◆ Work order ◆
Please restate the entries verbatim. The copy should hold no pictures.

◆ Data for analysis ◆
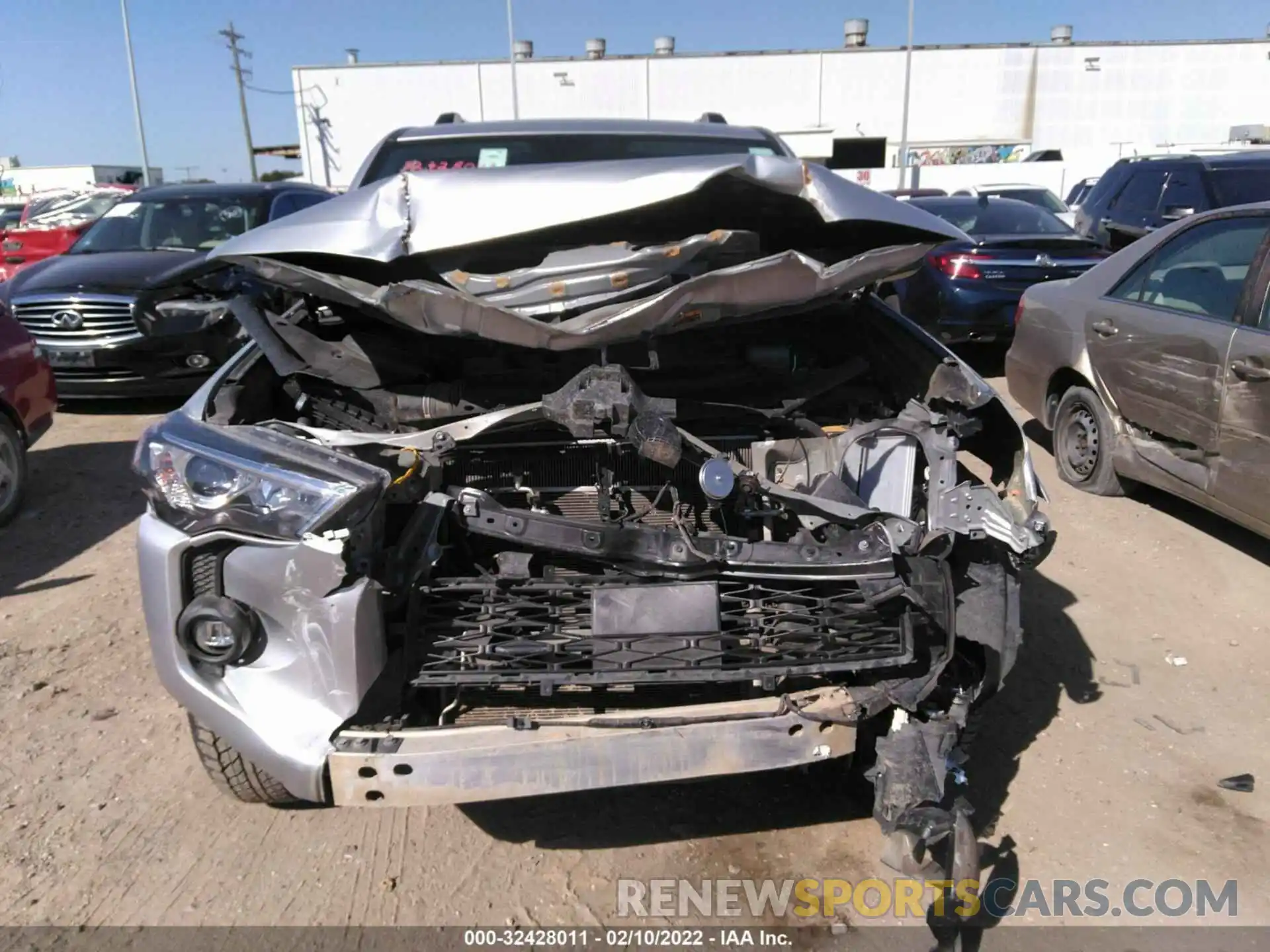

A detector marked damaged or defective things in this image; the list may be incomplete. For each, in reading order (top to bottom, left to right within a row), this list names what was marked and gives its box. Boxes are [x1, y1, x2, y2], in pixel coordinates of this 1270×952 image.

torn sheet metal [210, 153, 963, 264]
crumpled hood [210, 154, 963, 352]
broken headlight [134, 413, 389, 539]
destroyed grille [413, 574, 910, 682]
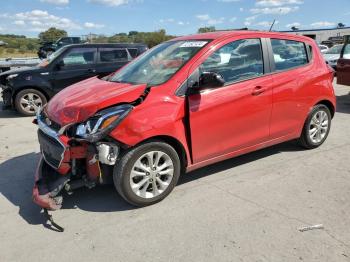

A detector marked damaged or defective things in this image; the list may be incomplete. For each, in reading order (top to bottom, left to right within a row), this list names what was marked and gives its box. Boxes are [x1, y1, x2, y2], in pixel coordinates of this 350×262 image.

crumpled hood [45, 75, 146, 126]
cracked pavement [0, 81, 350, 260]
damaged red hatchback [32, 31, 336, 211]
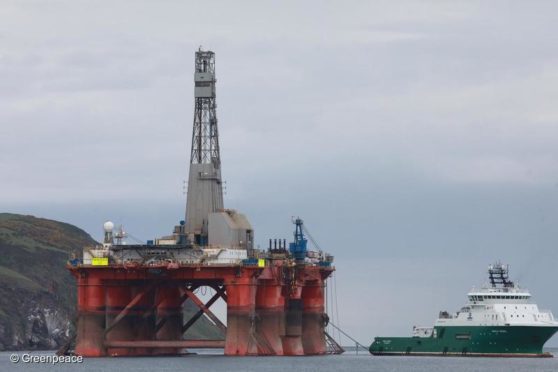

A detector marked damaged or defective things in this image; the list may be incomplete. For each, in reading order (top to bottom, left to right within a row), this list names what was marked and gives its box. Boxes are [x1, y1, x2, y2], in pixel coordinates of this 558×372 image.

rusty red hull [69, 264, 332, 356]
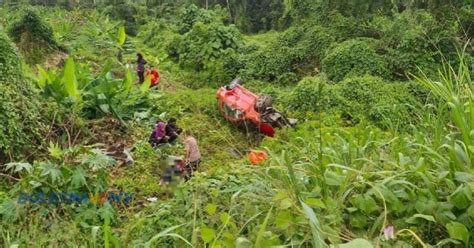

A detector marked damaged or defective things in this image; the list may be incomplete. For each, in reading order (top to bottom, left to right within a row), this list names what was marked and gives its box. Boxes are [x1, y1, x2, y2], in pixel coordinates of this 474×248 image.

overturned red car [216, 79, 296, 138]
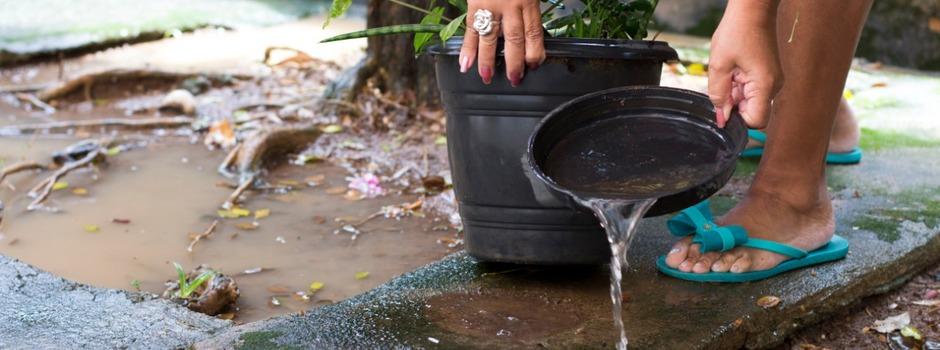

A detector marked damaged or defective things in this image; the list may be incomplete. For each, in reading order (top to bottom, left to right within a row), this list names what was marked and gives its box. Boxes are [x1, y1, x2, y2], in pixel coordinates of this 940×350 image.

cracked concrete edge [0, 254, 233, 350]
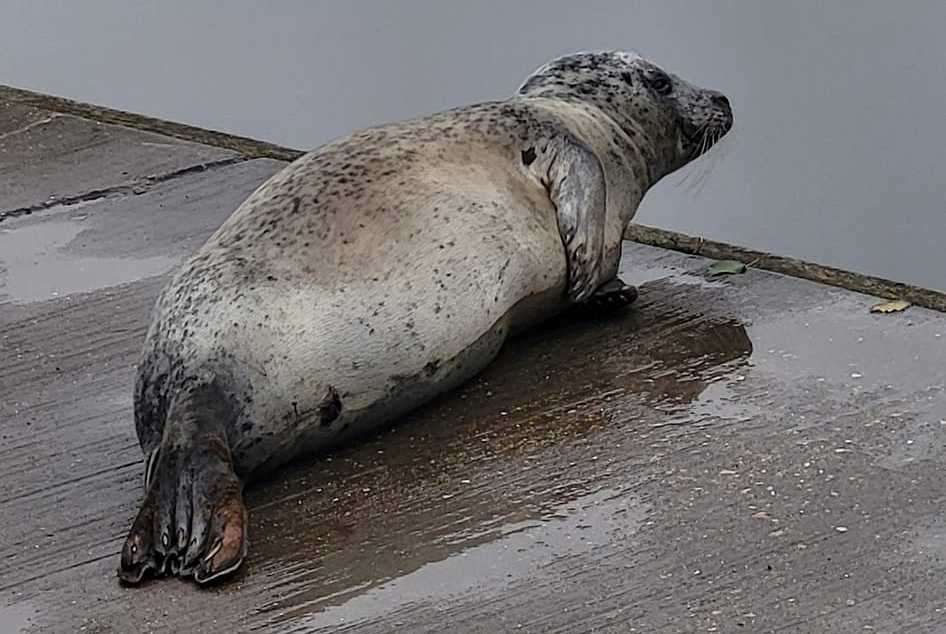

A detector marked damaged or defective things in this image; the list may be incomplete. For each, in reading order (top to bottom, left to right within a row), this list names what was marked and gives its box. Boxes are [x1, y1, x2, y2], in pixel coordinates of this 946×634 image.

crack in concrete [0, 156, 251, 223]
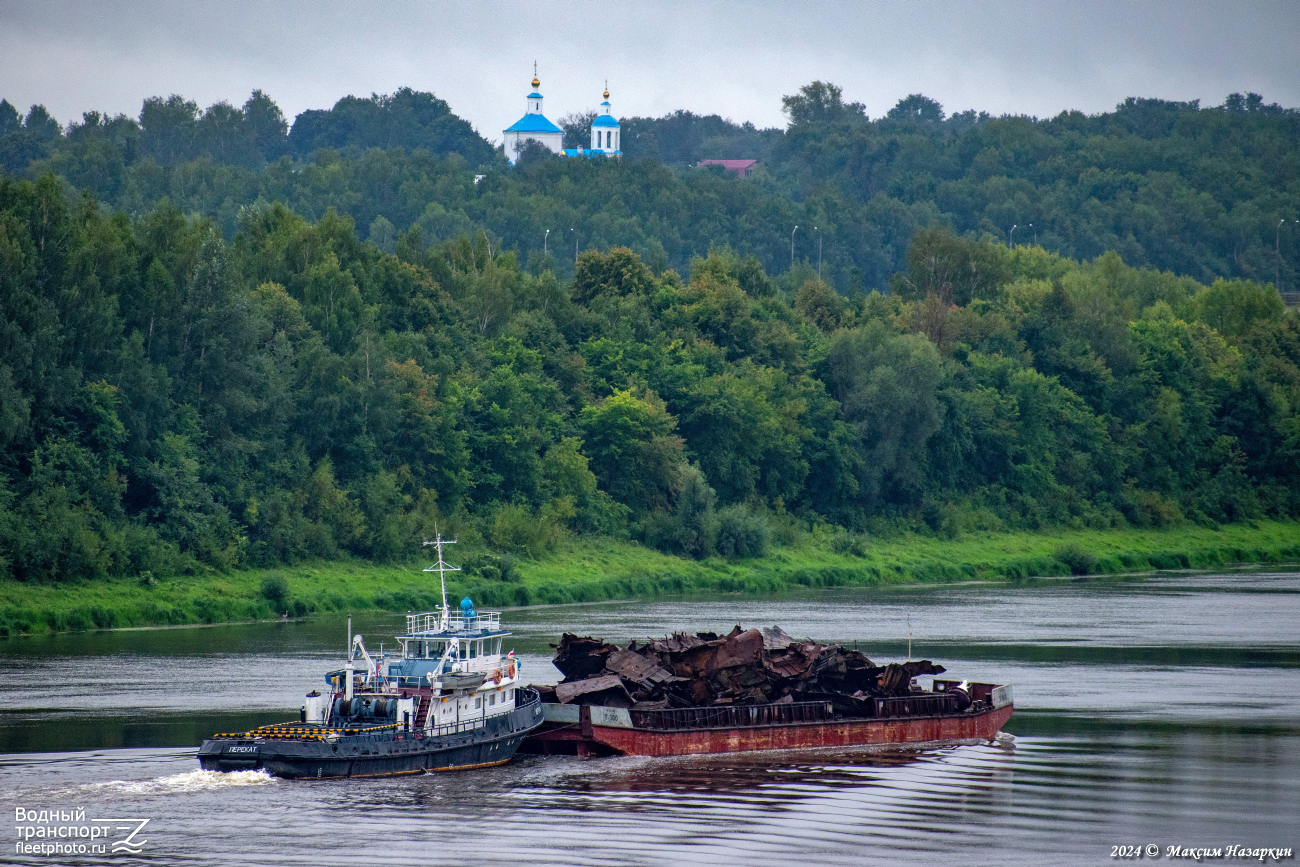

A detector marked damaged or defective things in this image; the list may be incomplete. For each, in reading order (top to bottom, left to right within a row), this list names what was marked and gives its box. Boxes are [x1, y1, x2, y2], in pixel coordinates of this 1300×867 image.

◆ Response area ◆
A detector marked damaged or defective things in this image; the list may be incomplete. For each, in reading order (top to bottom, left to right within a row), this list names what was marked and gives its box. Boxes are [x1, y1, x2, y2], in pixel coordinates of this 1270×952 image.

torn sheet metal [210, 153, 963, 264]
crumpled hood [210, 154, 963, 352]
broken headlight [134, 413, 389, 539]
destroyed grille [413, 574, 910, 682]

A detector marked damaged or defective things in this image; the list may be incomplete. For each, in reading order (top to bottom, left to right within a row), this list names what was marked and gives its box. Boxes are [x1, y1, x2, y2], in pixel coordinates of this 350×262 image.

crumpled hood [45, 75, 146, 126]
cracked pavement [0, 81, 350, 260]
damaged red hatchback [32, 31, 336, 211]

A detector marked damaged or defective things in this image; the list may be incomplete. For each, in reading order (top to bottom, left to right within a row), this list names what was marked and gives its box. Boxes are [x1, y1, x2, y2], in pixel coordinates of this 558×372 image.

rusty red hull [69, 264, 332, 356]

A detector marked damaged or defective things in this image; the list may be incomplete. For each, in reading order (top to bottom, left to right within a row), this list names what was marked and gives its box. Boxes are [x1, y1, x2, y2], in pixel coordinates of this 474×248 image.

overturned red car [216, 79, 296, 138]

A detector marked damaged or defective things in this image; the list may be incomplete. For each, in reading order (top to bottom, left to right within a row), this list names what was marked and gives its box. Boxes are [x1, y1, x2, y2], in pixel coordinates of this 940×350 image.

cracked concrete edge [0, 254, 233, 350]

A detector marked damaged or defective things in this image; the list may be incomplete. For each, in reading order (top to bottom, left to right within a row), this list names what was marked and gives its box. Boxes are [x1, y1, x2, y2], in pixel coordinates of this 946×634 image.

crack in concrete [0, 156, 251, 223]

A detector marked damaged or defective things in this image; the list may be incomplete. For each, in reading order (top to bottom, left to right within a row), this list names what was marked and gives its box. Boxes are [x1, y1, x2, y2], in pixel coordinates of this 1300×867 image.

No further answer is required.